Room to Visit, Room to Heal

Room to healWith patients and families spending more time in the hospital, it’s more important than ever that the environment promotes healing and well-being. That’s why Packard Children’s is adding 146 new private rooms—so that families have more privacy and the space to be together during treatment and recovery.

“Design is not just focusing on making new hospitals pretty and nice. It’s about focusing on patient outcomes,” says Jill Sullivan, MSN, RN, vice president of Hospital Transformation at Packard Children’s. “Studies show that physical design of a health care setting influences clinical, psychosocial, and safety outcomes. It’s a key component of providing patient- and family-centered care.”

Rooms will be bright and airy, with large curtained windows overlooking gardens and natural landscaping. Acoustical materials will dampen noise and foster privacy. To encourage families to visit and spend time, the rooms will be spacious and equipped with extra storage. Double beds, bathrooms with showers—some with full-sized tubs—and built-in closets will enable parents to stay by their child’s side during longer stays. A large, erasable wall panel will be positioned at child height so kids can draw, doodle, or leave messages. The Intensive Care units will also have shared kitchen and laundry facilities.

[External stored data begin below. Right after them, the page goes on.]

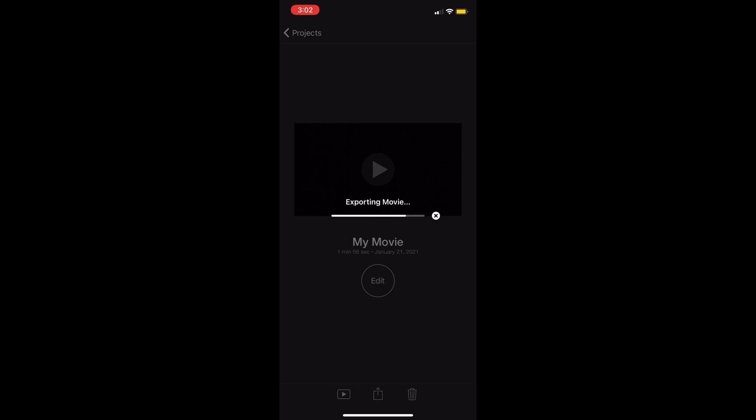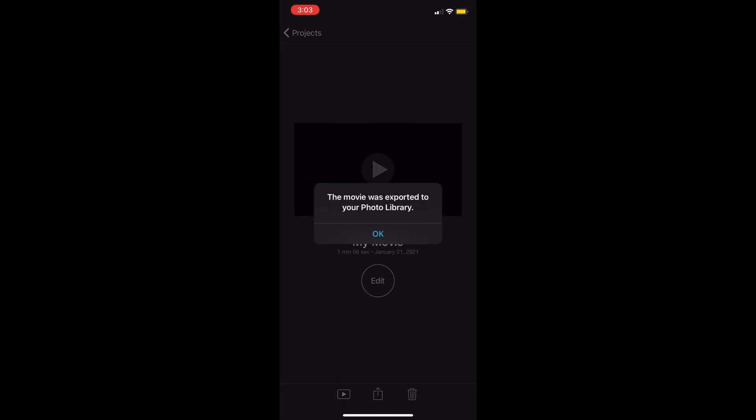Anyway guys, that's it for the video. This is an iOS-only tutorial, so I'm sorry to Android users — iMovie is an Apple-only application. If you're on Android you'll have to find a different video, because personally I don't know how to do that on Android.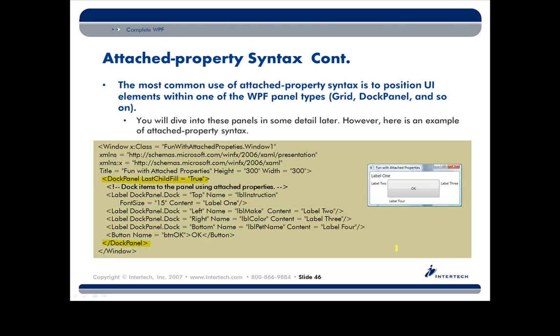So notice here how all my labels are telling the parent where to dock it, right? So I'm just doing your basic top, left, bottom, right. The button, on the other hand, doesn't say where it wants to be placed. Well, look again at the top defining part of the doc panel. You see that little property called last child fill equal true? Well, that's actually the default value anyway, but I just wanted to type it out so you could see it.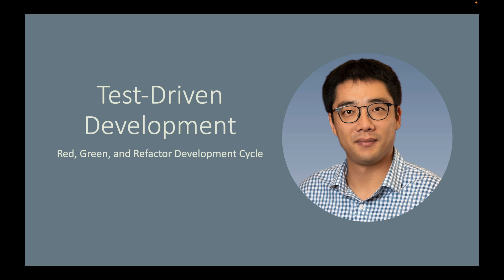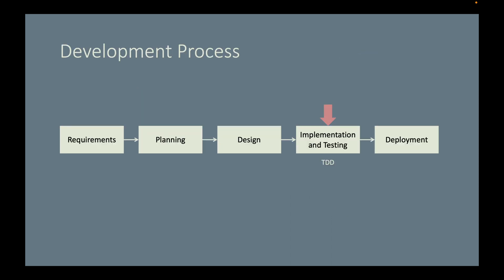I will adopt the red, green, and refactor test-driven development approach to implement the methods in the service and controller class. Here is the overview of our development process. We are now in the implementation and testing activity. We will use TDD to implement the API endpoint find an artifact by ID.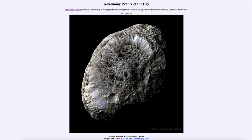So that was our picture of the day for March 12th of 2023, titled 'Saturn's Hyperion: A Moon with Odd Craters.' We'll be back again tomorrow for the next picture, previewed to be 'tree colors,' so we'll see what that is about tomorrow. Until then, have a great day everyone, and I will see you in class.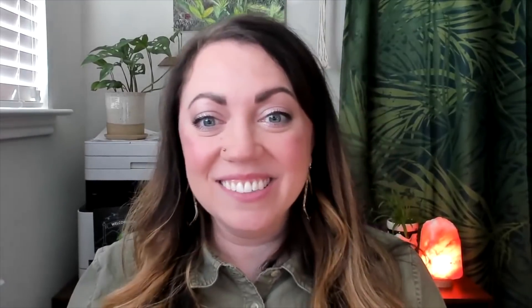I want to start by showing you all the different widgets available to you at home. Let's go take a tour. First up is the note widget.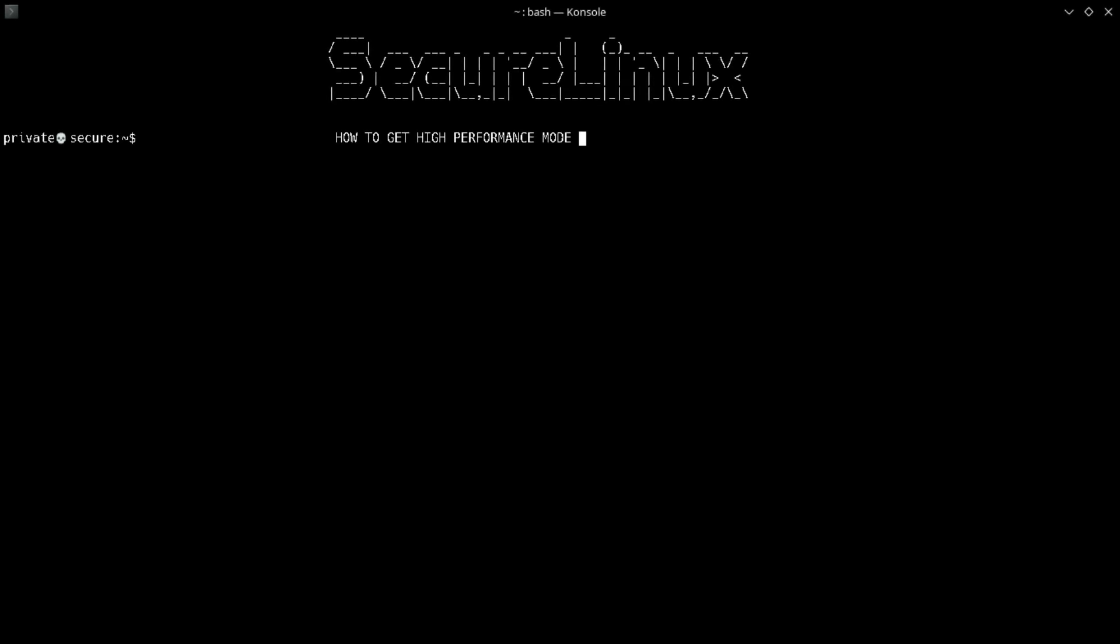Hi everyone, welcome to a new video on the Secure Linux channel. Here I am Akush. In this video I'll show you how to enable high performance mode in Linux like Windows. Before starting this video, let's understand some booting concepts.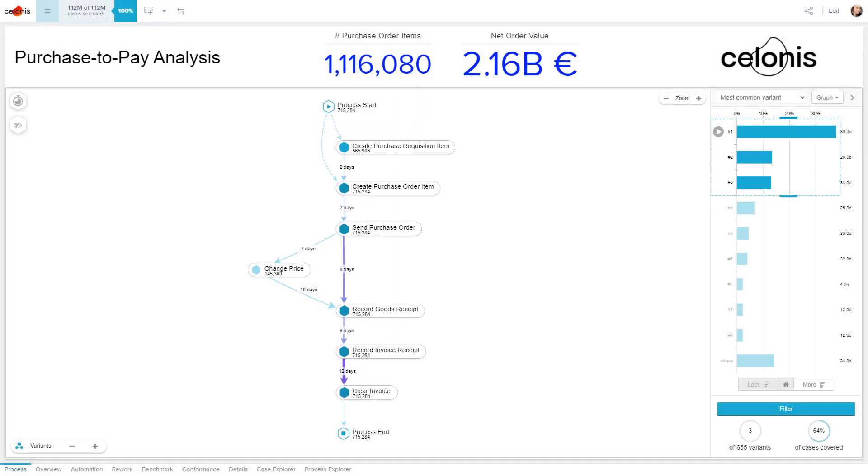To connect the dots between the Variant Explorer and what you learned in the fundamentals on process mining, exploring your process in such a way is only possible due to the digital footprints that you retrieved from your source systems. The visualization in the Variant Explorer is basically structuring and sorting all digital footprints gathered through your data, creating a digital twin of your organization.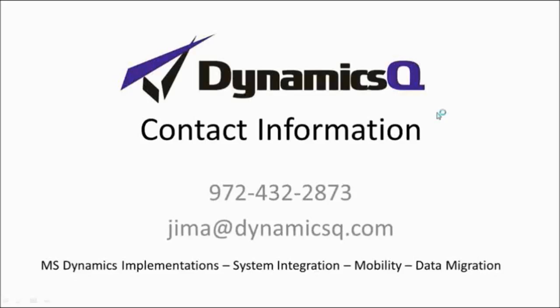My name is Jim Andrews, and I work for the Dynamics Q organization. Please feel free to contact me directly at either of the contact methods shown. Thank you.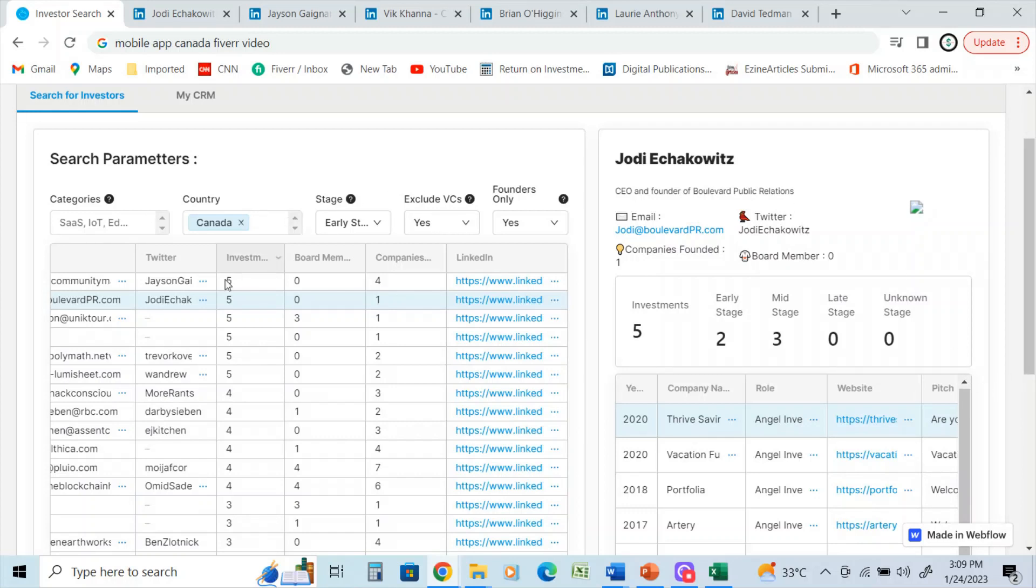So I have many sources on how I create my databases, and this is just one I will use for the example of this Canadian client who has asked me to create a custom database of angel investors at the early stage.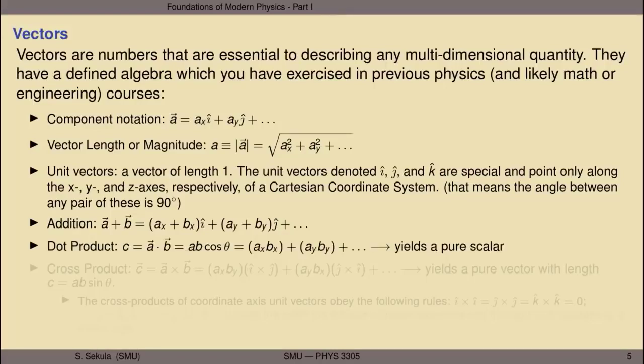The dot product of vectors a and b — denoted with a dot between them — is a pure scalar whose size is the magnitude of a times the magnitude of b times the cosine of the angle between them. In component notation, you multiply the x-components together, the y-components together, and so on, then add all those products — yielding a pure number with no direction.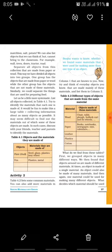Let us be a little more systematic. List all objects collected in Table 4.1 and try to identify the materials that each one is made of. It would be fun to make this large table, collecting information about as many objects as possible. It may seem difficult to find out the materials some objects are made of — in such cases, discuss with your friends or teachers.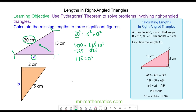To work out A, we take the square root of both sides, and the square and the square root will cancel, so the length of A will be the square root of 175, which is approximately 13.2cm.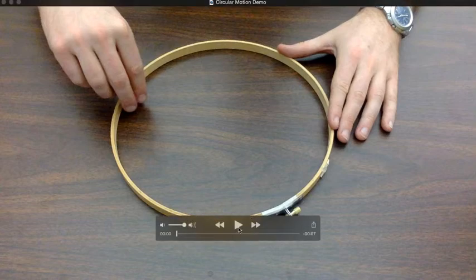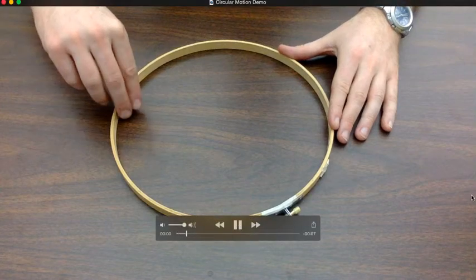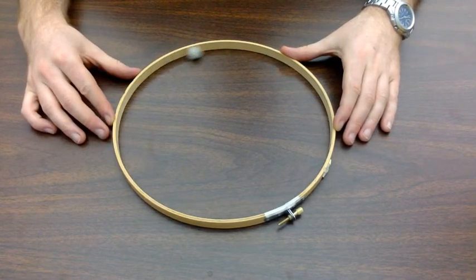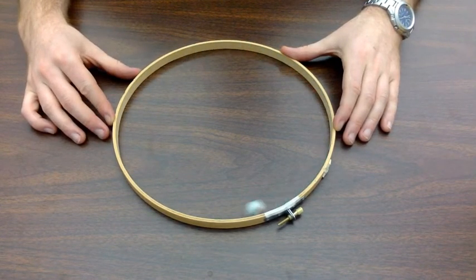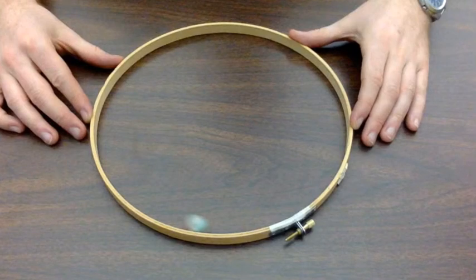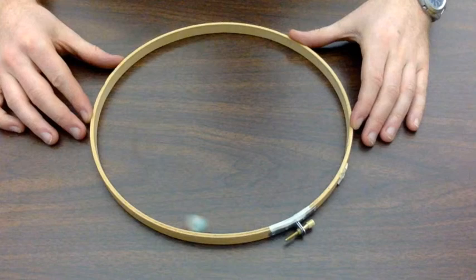So if we take a look, I will show you the specific instant I'd like you to analyze. As this marble spins around, if I were to remove the ring at this point right here, which direction would the marble travel in? Do you believe it would travel in a straight line towards the center, a straight line away from the center of the circle? Would it continue in a circular path or would it travel in some other direction?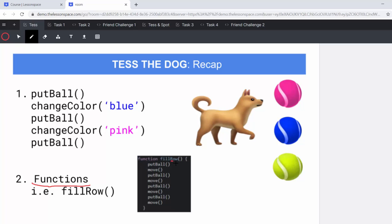So here, remember, you define the function and then you will call it under your function instructions. Finally, we had a look at arguments and putting an argument into a function. Here we've got the function change color and then we are commanding the color to be blue.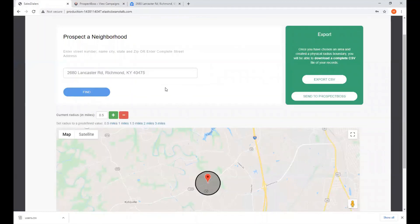So that's how easy it is to use Agent Circle Prospecting and Prospect Boss together. Thank you.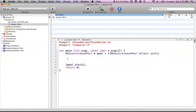Hello everyone, and welcome to lesson 18 of Objective-C on the Mac. In this tutorial, we're going to be continuing on with the memory management section and learning about object ownership in Objective-C. The two previous tutorials were on memory management as well, and this is a linked series of three tutorials, so if you haven't watched the previous two, you'll want to watch those first.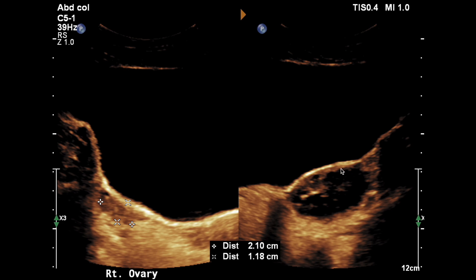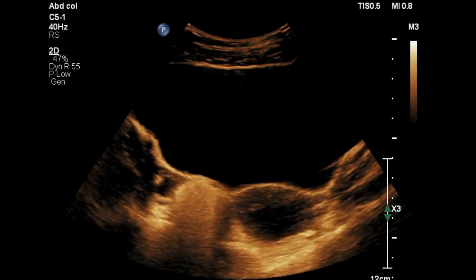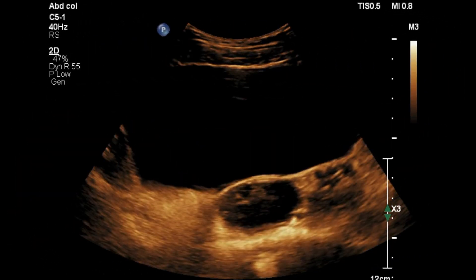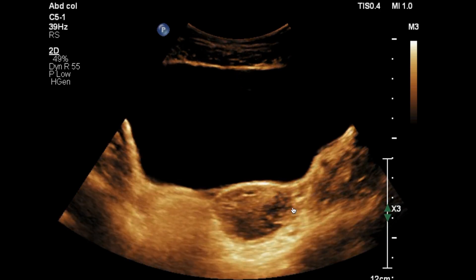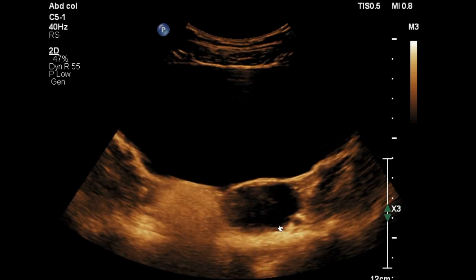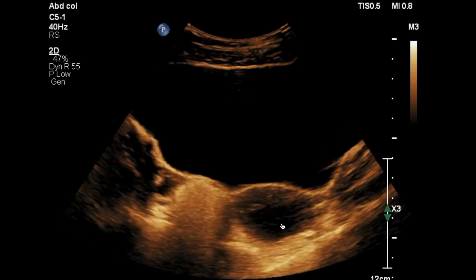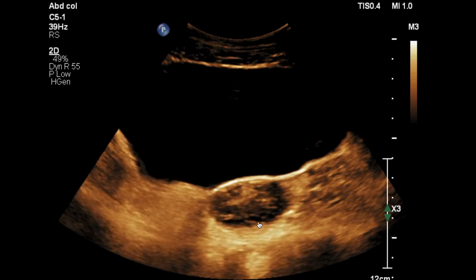Let's see on real time. Here on real time you can see the left ovary is enlarged and there is a cystic lesion within the ovary. This cystic lesion shows internal septations.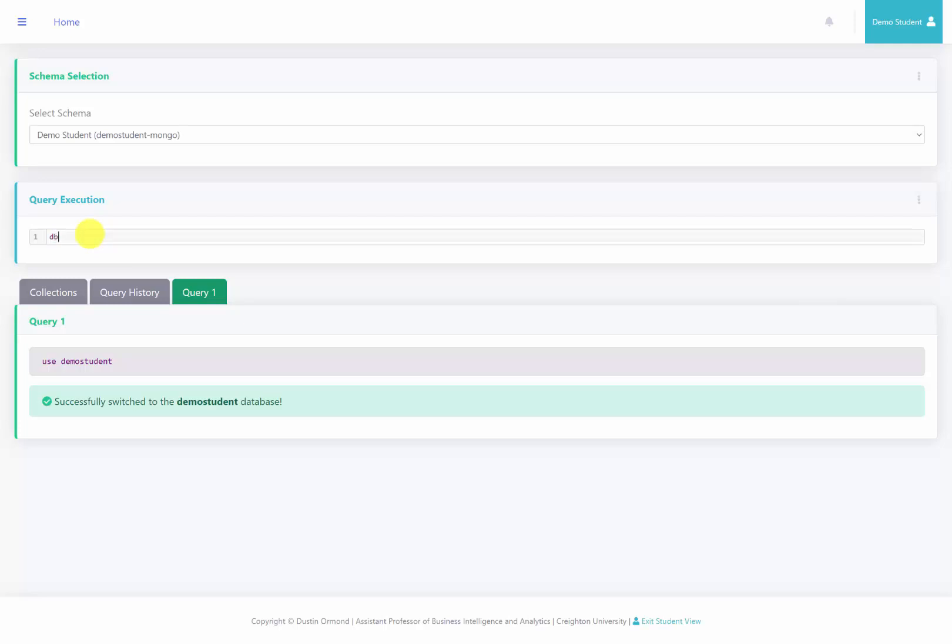And then if I hit db, this would show me which database that I'm currently in, which is the demo student database.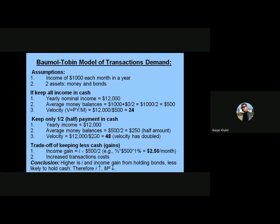He receives $1,000 at the start of the month and has $0 left at the end, giving an average monthly balance of $500. We can then calculate velocity: V = PY / M, where PY = $12,000 and M = $500, so V = 24.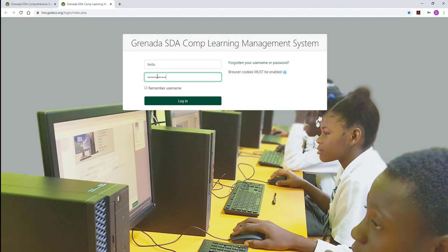The username is not case-sensitive, meaning you can use either caps or lowercase letters. However, the password field is case-sensitive, so if your password has uppercase and lowercase letters, you have to ensure that you type those correctly. After you've typed them, click on the login button.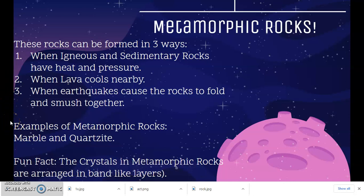Fun fact! The crystals in metamorphic rocks are arranged in band-like layers. So if you ever come across a metamorphic rock, you will be able to clearly see that the crystals in it are formed in band-like layers.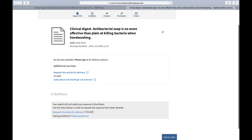ILL is a completely free process and only requires the creation of an Interlibrary Loan account. Once you've done that, you may begin requesting articles. Using Interlibrary Loan is a great way to increase the number of resources available to you.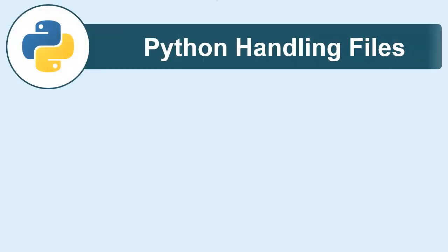Hello guys, welcome to another video series on Python. In this comprehensive video series, you will be learning handling the files using Python inbuilt functions.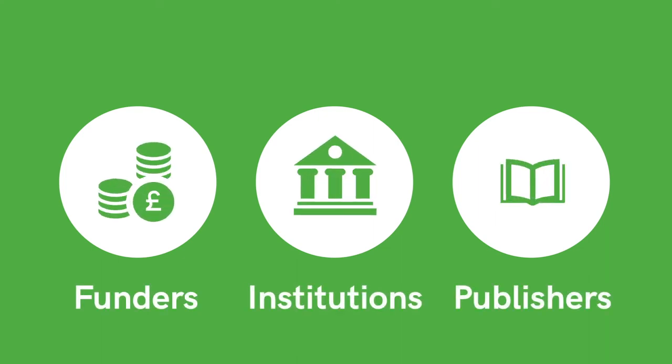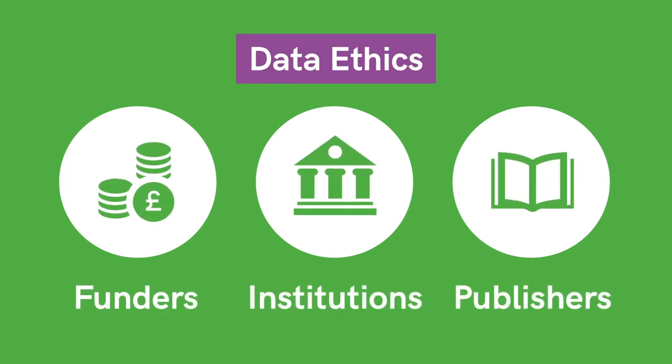The data policy landscape is introduced, including the role of funders, institutions and publishers, and we'll briefly highlight data ethics as a consideration for your work.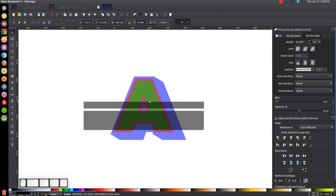We have created our retro style text and lettering using Inkscape. If you have any questions, let me know, and as always, thank you for watching.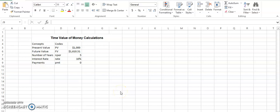Hello, so today I am going to help you calculate different time value of money questions with the help of Excel.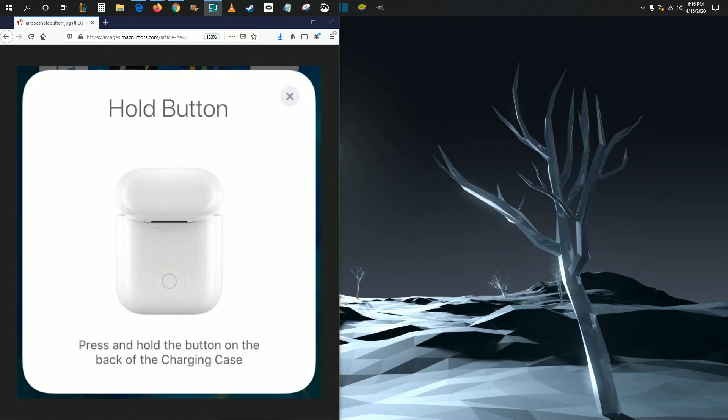Hey guys, in this video I'm going to be walking you through how you can pair your Apple AirPods to your computer, your laptop, PC, whatever you might be using.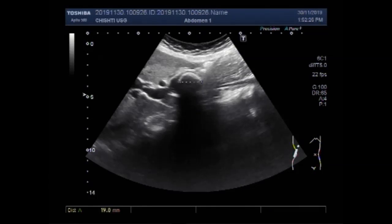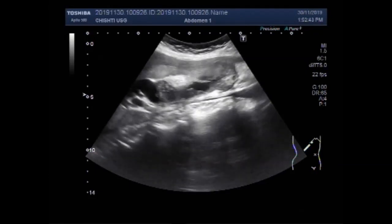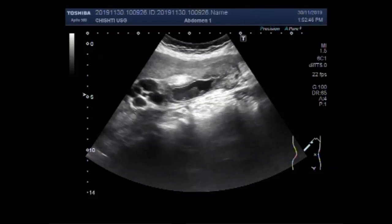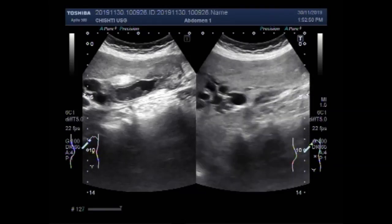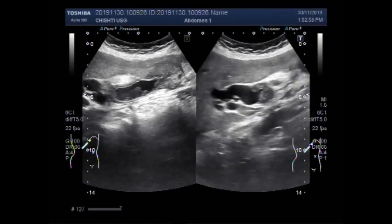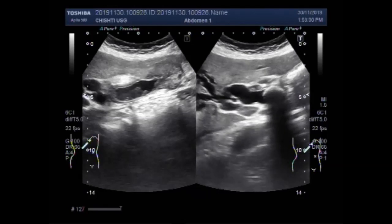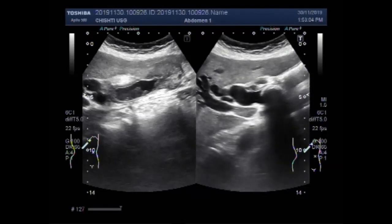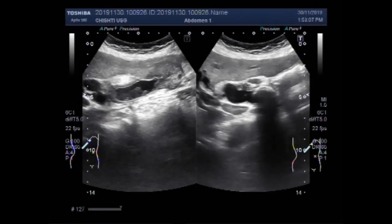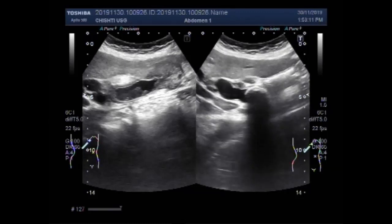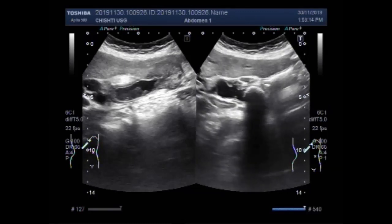It is quite a large stone and it measures about 24.1 mm in diameter. As the stone is very large, the dilatation is also moderate to severe in the intrahepatic biliary ducts. Again you can see the stone in the sidearm position. The stone has a strong acoustic shadow, as it is a large one.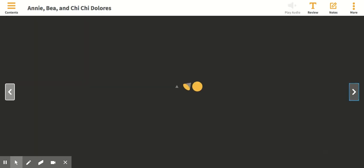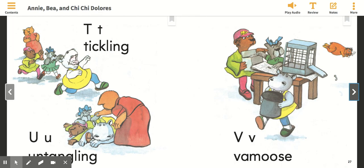The next question I have for you is from page 26. What is happening in the top half of this picture, where it says T — tickling? We see some characters in the story right here. What is happening in the top half of the picture right here?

The design also allows hospital staff to work more efficiently. Hallway windows will allow nurses to keep an eye on their patients without having to enter the room and interrupt family time. A dedicated medication alcove will create space for concentration and a red light above the hallway door will notify others that the nurse should not be interrupted. Sit-down modular stations with computers for tracking medical records will be located in the hallway between each room.

In-room accommodations also will address current needs for communication and access: Internet access, mp3 charging stations, and headphones will keep patients, visitors, and families tuned in. And all rooms will features a large, flat-screen TV and a smaller bedside console for parents to access educational videos and medical resources through the hospital’s new Packard Vision network.